BASIS OF PRESENTATION
The following Unaudited Pro Forma Condensed Consolidated Financial Statements were derived from Trinity's historical Consolidated Financial Statements and are being presented to give effect to the Separation. The Unaudited Pro Forma Condensed Consolidated Statement of Operations for the nine months ended September 30, 2018 and for each of the three years ended December 31, 2017, 2016 and 2015 reflect the Company’s results of operations as if the Separation had occurred on January 1, 2015. The Unaudited Pro Forma Condensed Consolidated Balance Sheet as of September 30, 2018 gives effect to the Separation as if it had occurred on that date.
The Unaudited Pro Forma Condensed Consolidated Financial Statements give effect to the Separation including: (i) the elimination of Arcosa's historical financial results; (ii) certain adjustments to meet the requirements of discontinued operations; and (iii) the transfer of certain assets and liabilities between the Company and Arcosa upon Separation. The Separation adjustments are based on available information and assumptions that the Company’s management believes are reasonable, that reflect the impact of events directly attributable to the Separation that are factually supportable, and for purposes of the Condensed Consolidated Statements of Operations, are expected to have a continuing impact on the Company. The Company has entered into a Transition Services Agreement with Arcosa pursuant to which the Company and Arcosa will provide each other certain specified services on a temporary basis. These transition services are not expected to have a material impact on the Company and are not recurring in nature and as such have not been included in the Separation adjustments. A full description of all pro forma adjustments is included in the accompanying notes to the Unaudited Pro Forma Condensed Consolidated Financial Statements.
The Trinity Historical columns in the Unaudited Pro Forma Condensed Consolidated Financial Statements reflect the Company’s historical financial statements for the periods presented and do not reflect any adjustments related to the Separation and related events.

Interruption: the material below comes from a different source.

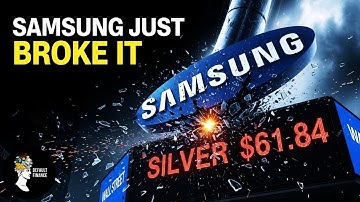 Samsung Just Broke the Silver Market (It’s Over)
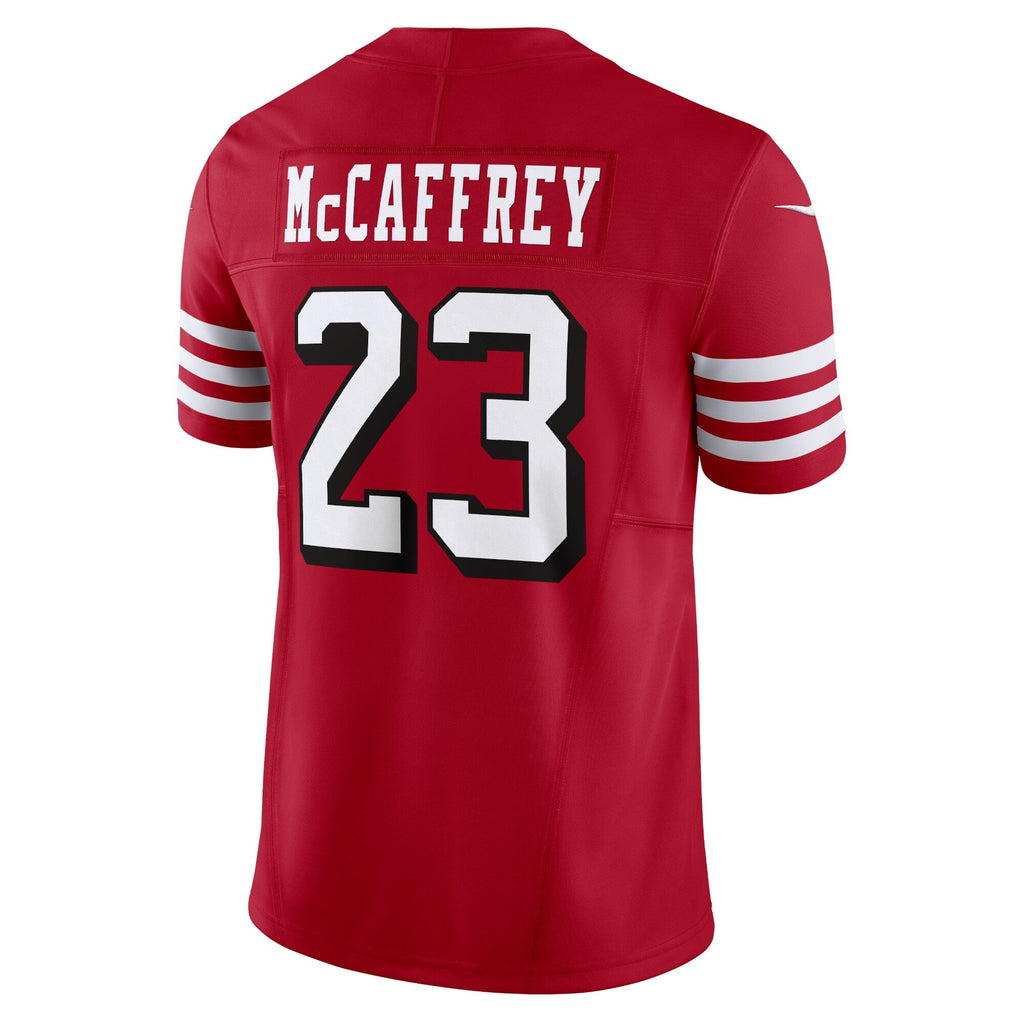 Christian McCaffrey San Francisco 49ers  Vapor F.U.S.E. Limited Jersey - Scarlet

The Separation of Arcosa and Other Adjustments columns in the Unaudited Pro Forma Condensed Consolidated Financial Statements include the historical financial results of Arcosa and certain other adjustments, including adjustments required to reflect the spin-off of Arcosa as discontinued operations in the Company’s Pro Forma financial statements. These adjustments represent the Company’s best estimates based on information currently available and may differ from those that will be calculated to report Arcosa as discontinued operations in Trinity’s future filings. Additionally, for the reasons described above, the amounts represented in the Separation of Arcosa and Other Adjustments columns will differ from Arcosa's standalone financial statements, which are prepared under the carve-out basis of accounting.
The Unaudited Pro Forma Condensed Consolidated Financial Statements are subject to the assumptions and adjustments described in the accompanying notes. Management believes that these assumptions and adjustments are reasonable under the circumstances and given the information available at this time. The Unaudited Pro Forma Condensed Consolidated Financial Statements are not intended to be a complete presentation of the Company’s financial position or results of operations had the Separation occurred as of and for the periods indicated. In addition, the Unaudited Pro Forma Condensed Consolidated Financial Statements are provided for illustrative and informational purposes only, and are not necessarily indicative of the Company’s historical or future results of operations or financial condition had the Separation been completed on the dates assumed.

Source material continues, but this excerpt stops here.